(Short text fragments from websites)
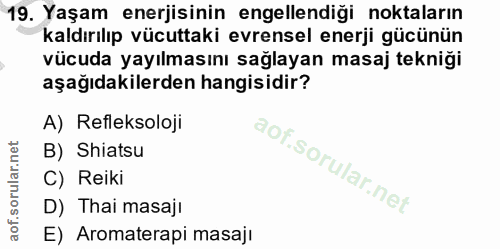 19. soru: Yaşam enerjisinin engellendiği noktaların kaldırılıp vücuttaki evrensel enerji gücünün vücuda yayılmasını sağlayan ma…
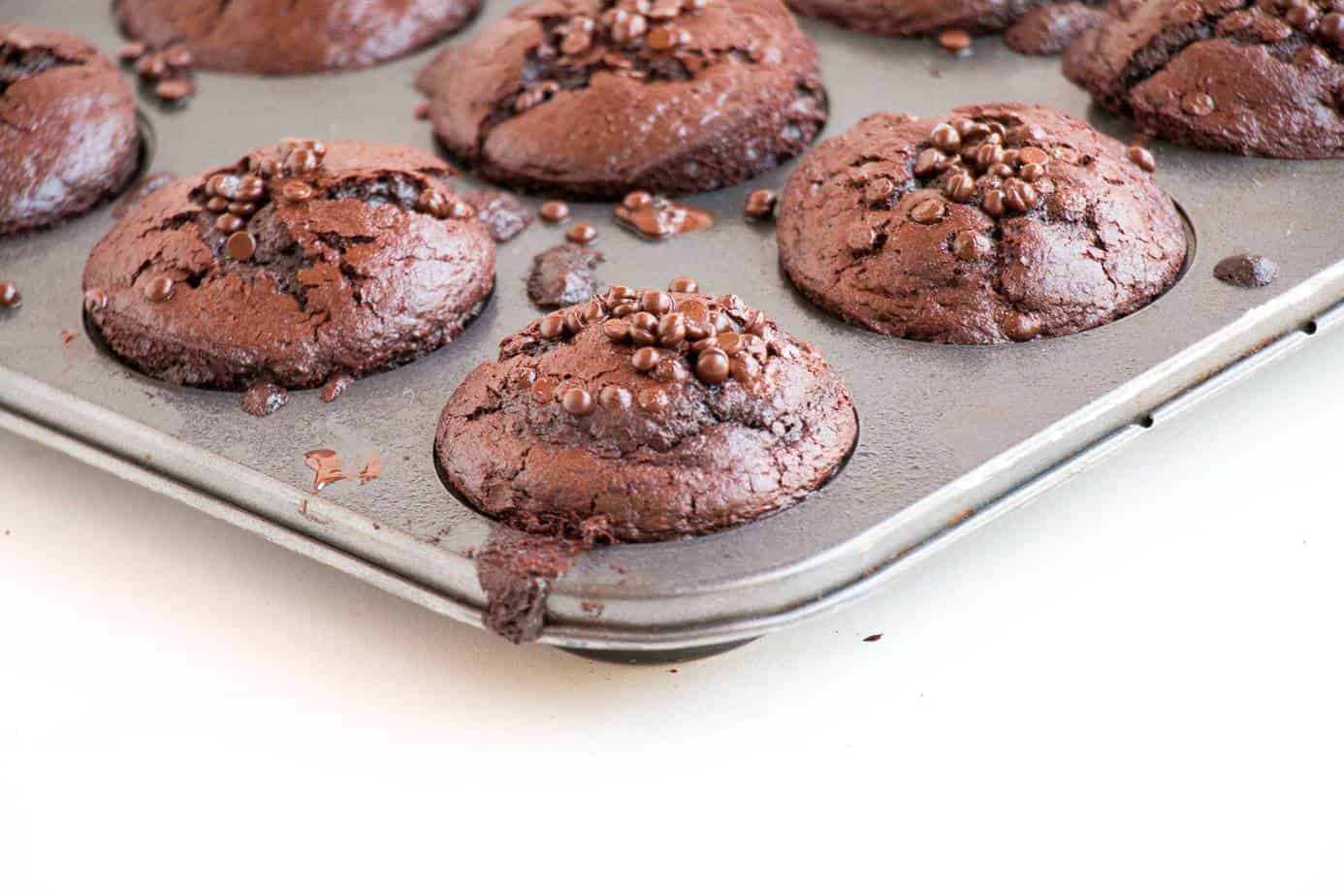 Dark Chocolate Vegan Muffins in baking tray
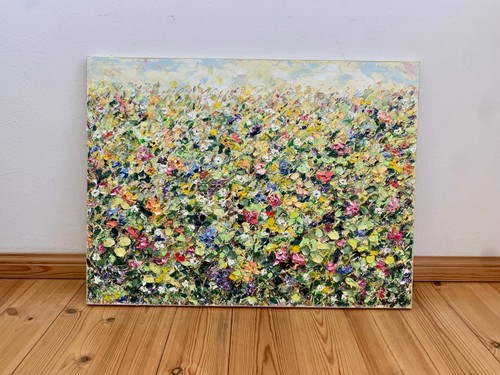 Abstraktes blumenfeld impasto - blumenfeld,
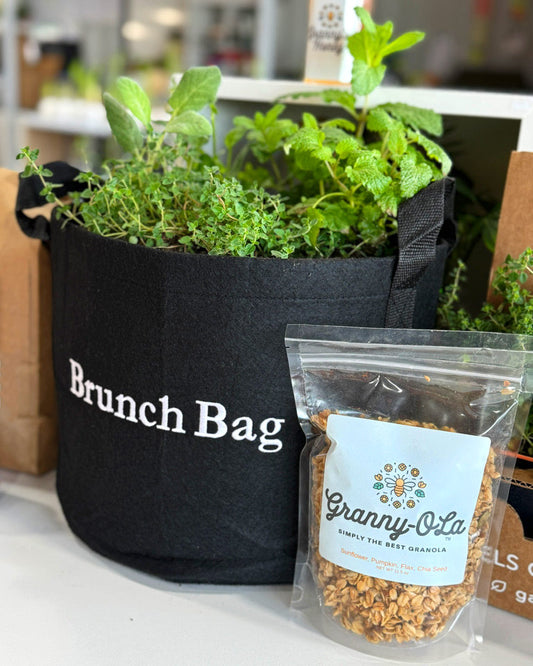 image of Granny-O-La™ Granola & Brunch Bag Garden Gift Set‎ with culinary herbs + artisan granola 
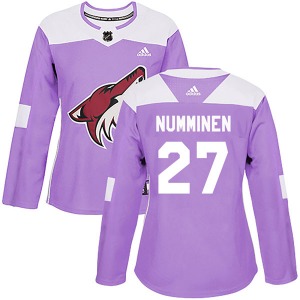 Women's Teppo Numminen Arizona Coyotes Adidas Authentic Purple Fights Cancer Practice Jersey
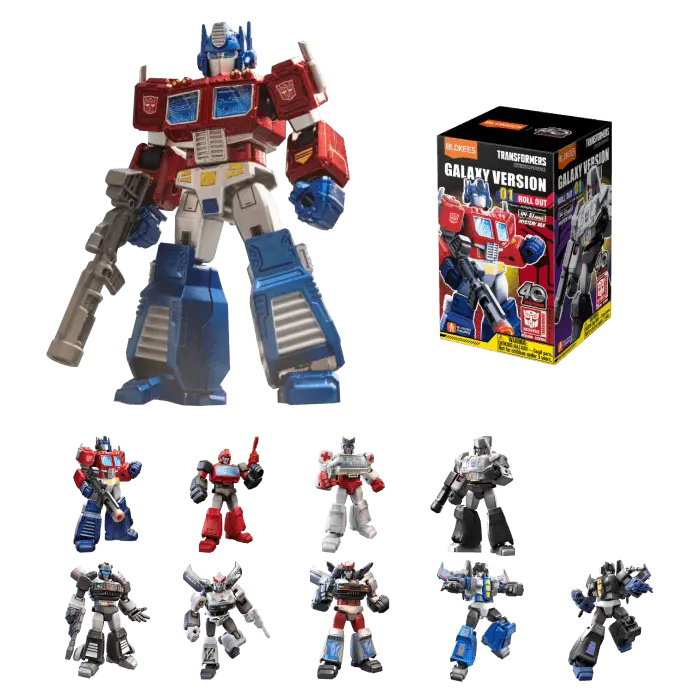 Blokees Transformers Galaxy Version 01 Roll Out con Optimus Prime, confezione e personaggi della serie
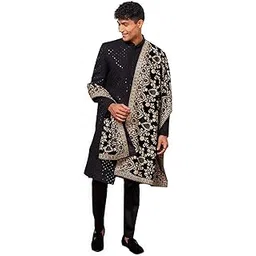 vastramay Men s Black Sequin-Embroidered Sherwani Set with Velvet Embroidered Dupatta Regal Weddings & Festival-picture-12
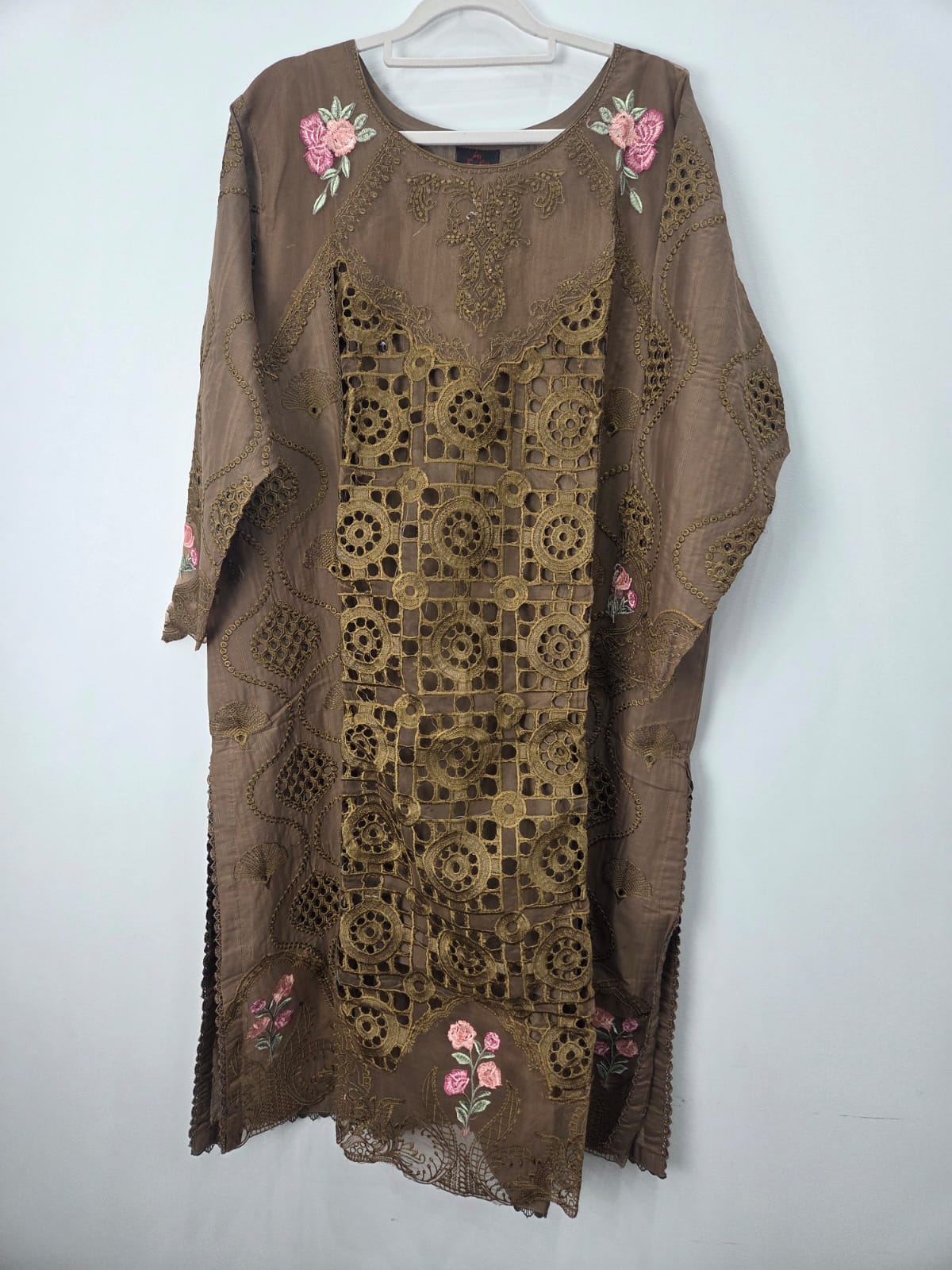 Brown Embroidered Cotton Lawn 3-Piece Suit with Khaddi Net Dupatta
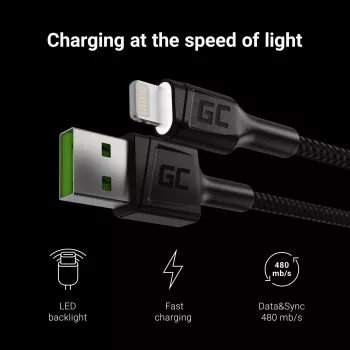 Green Cell KABGC05 Lightning laidas 1,2 m Juoda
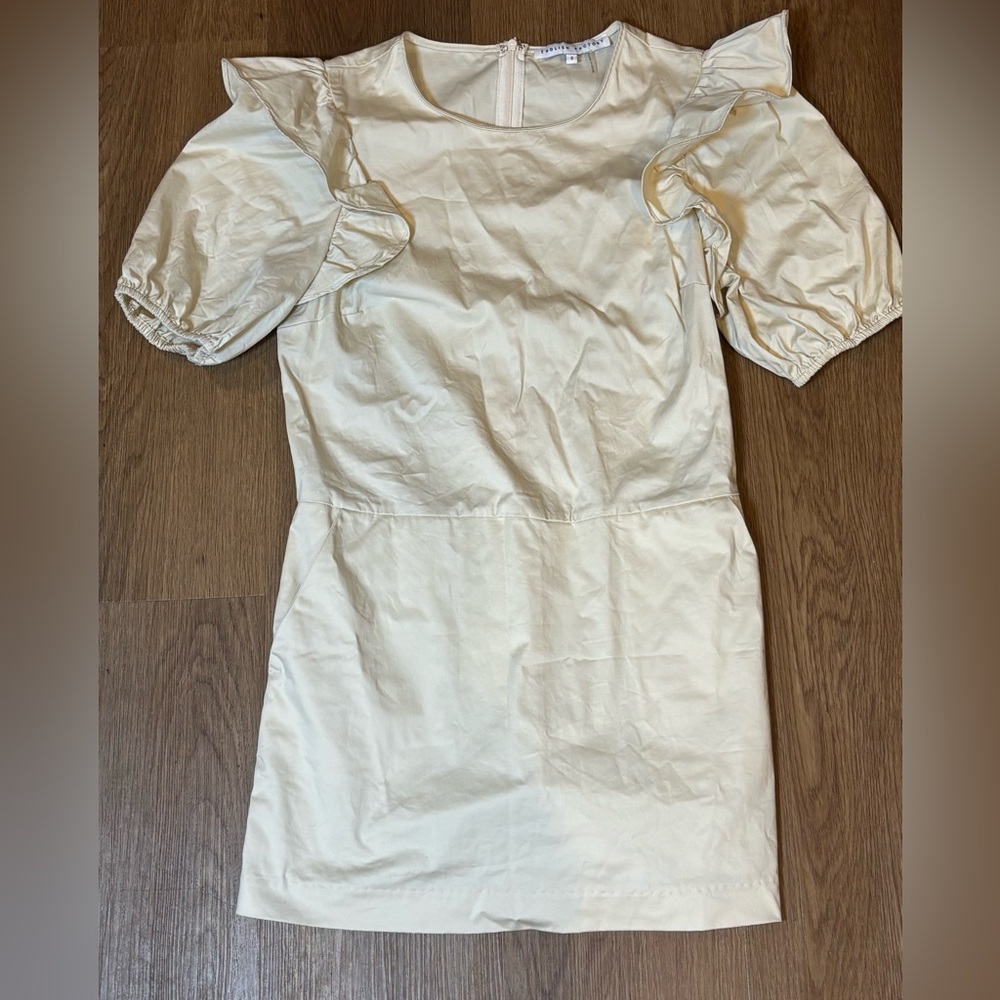 English Factory Women’s Size S Cream Dress Hidden Shorts Poofy Sleeves Cute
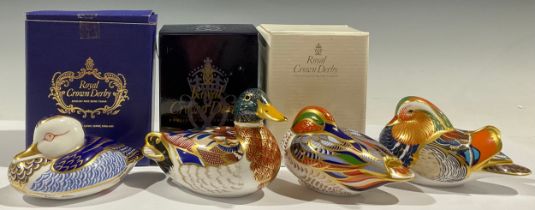 A Royal Crown Derby paperweight, Teal, gold stopper; others, Duck, gold stopper, boxed; Mandarin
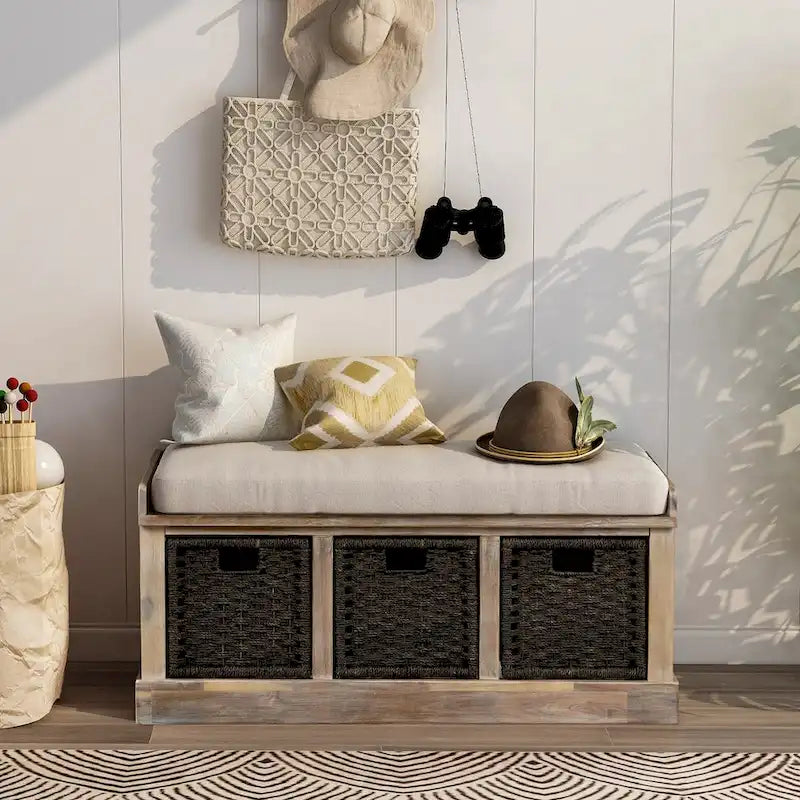 Rustic Storage Bench with 3 Removable Classic Rattan Basket , Entryway Bench with Removable Cushion
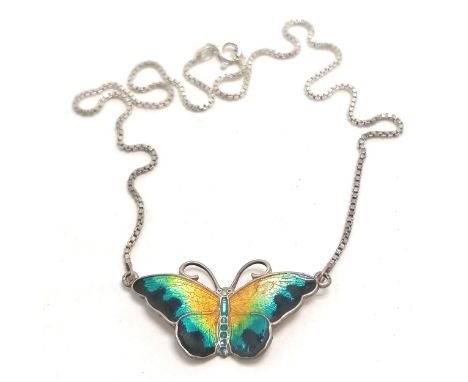 Sterling silver necklet with enamel butterfly detail (slight loss) - 40cm &amp; 7g total weight 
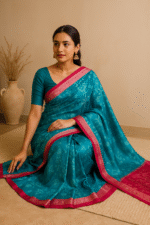 TealVamika Sambalpuri Silk (Patta) with Blouse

• _Goal of the exercise_
Each entry above should be given again exactly, with its pictures omitted.

• _Output_
 19. soru: Yaşam enerjisinin engellendiği noktaların kaldırılıp vücuttaki evrensel enerji gücünün vücuda yayılmasını sağlayan ma…
 Dark Chocolate Vegan Muffins in baking tray
 Abstraktes blumenfeld impasto - blumenfeld,
 image of Granny-O-La™ Granola & Brunch Bag Garden Gift Set‎ with culinary herbs + artisan granola 
 Women's Teppo Numminen Arizona Coyotes Adidas Authentic Purple Fights Cancer Practice Jersey
 Blokees Transformers Galaxy Version 01 Roll Out con Optimus Prime, confezione e personaggi della serie
 vastramay Men s Black Sequin-Embroidered Sherwani Set with Velvet Embroidered Dupatta Regal Weddings & Festival-picture-12
 Brown Embroidered Cotton Lawn 3-Piece Suit with Khaddi Net Dupatta
 Green Cell KABGC05 Lightning laidas 1,2 m Juoda
 English Factory Women’s Size S Cream Dress Hidden Shorts Poofy Sleeves Cute
 A Royal Crown Derby paperweight, Teal, gold stopper; others, Duck, gold stopper, boxed; Mandarin
 Rustic Storage Bench with 3 Removable Classic Rattan Basket , Entryway Bench with Removable Cushion
 Sterling silver necklet with enamel butterfly detail (slight loss) - 40cm &amp; 7g total weight 
 TealVamika Sambalpuri Silk (Patta) with Blouse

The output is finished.